Exercise: The records below are to be reproduced word for word.

Data extract:
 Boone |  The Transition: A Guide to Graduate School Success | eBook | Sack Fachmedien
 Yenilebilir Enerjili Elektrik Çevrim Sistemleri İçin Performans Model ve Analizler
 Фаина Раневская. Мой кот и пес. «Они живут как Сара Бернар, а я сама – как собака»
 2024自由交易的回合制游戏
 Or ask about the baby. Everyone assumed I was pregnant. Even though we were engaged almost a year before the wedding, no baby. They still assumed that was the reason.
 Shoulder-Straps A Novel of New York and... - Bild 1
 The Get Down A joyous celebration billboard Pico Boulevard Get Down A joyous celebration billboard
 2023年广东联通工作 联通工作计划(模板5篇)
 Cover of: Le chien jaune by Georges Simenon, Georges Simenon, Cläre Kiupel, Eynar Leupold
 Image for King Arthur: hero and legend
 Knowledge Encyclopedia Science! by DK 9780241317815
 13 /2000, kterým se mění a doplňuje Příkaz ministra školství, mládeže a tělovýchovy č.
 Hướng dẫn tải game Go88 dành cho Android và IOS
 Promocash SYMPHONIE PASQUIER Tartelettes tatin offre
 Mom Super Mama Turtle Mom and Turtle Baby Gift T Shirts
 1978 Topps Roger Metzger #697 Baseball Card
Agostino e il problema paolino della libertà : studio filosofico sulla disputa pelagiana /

Your response:
 Boone |  The Transition: A Guide to Graduate School Success | eBook | Sack Fachmedien
 Yenilebilir Enerjili Elektrik Çevrim Sistemleri İçin Performans Model ve Analizler
 Фаина Раневская. Мой кот и пес. «Они живут как Сара Бернар, а я сама – как собака»
 2024自由交易的回合制游戏
 Or ask about the baby. Everyone assumed I was pregnant. Even though we were engaged almost a year before the wedding, no baby. They still assumed that was the reason.
 Shoulder-Straps A Novel of New York and... - Bild 1
 The Get Down A joyous celebration billboard Pico Boulevard Get Down A joyous celebration billboard
 2023年广东联通工作 联通工作计划(模板5篇)
 Cover of: Le chien jaune by Georges Simenon, Georges Simenon, Cläre Kiupel, Eynar Leupold
 Image for King Arthur: hero and legend
 Knowledge Encyclopedia Science! by DK 9780241317815
 13 /2000, kterým se mění a doplňuje Příkaz ministra školství, mládeže a tělovýchovy č.
 Hướng dẫn tải game Go88 dành cho Android và IOS
 Promocash SYMPHONIE PASQUIER Tartelettes tatin offre
 Mom Super Mama Turtle Mom and Turtle Baby Gift T Shirts
 1978 Topps Roger Metzger #697 Baseball Card
Agostino e il problema paolino della libertà : studio filosofico sulla disputa pelagiana /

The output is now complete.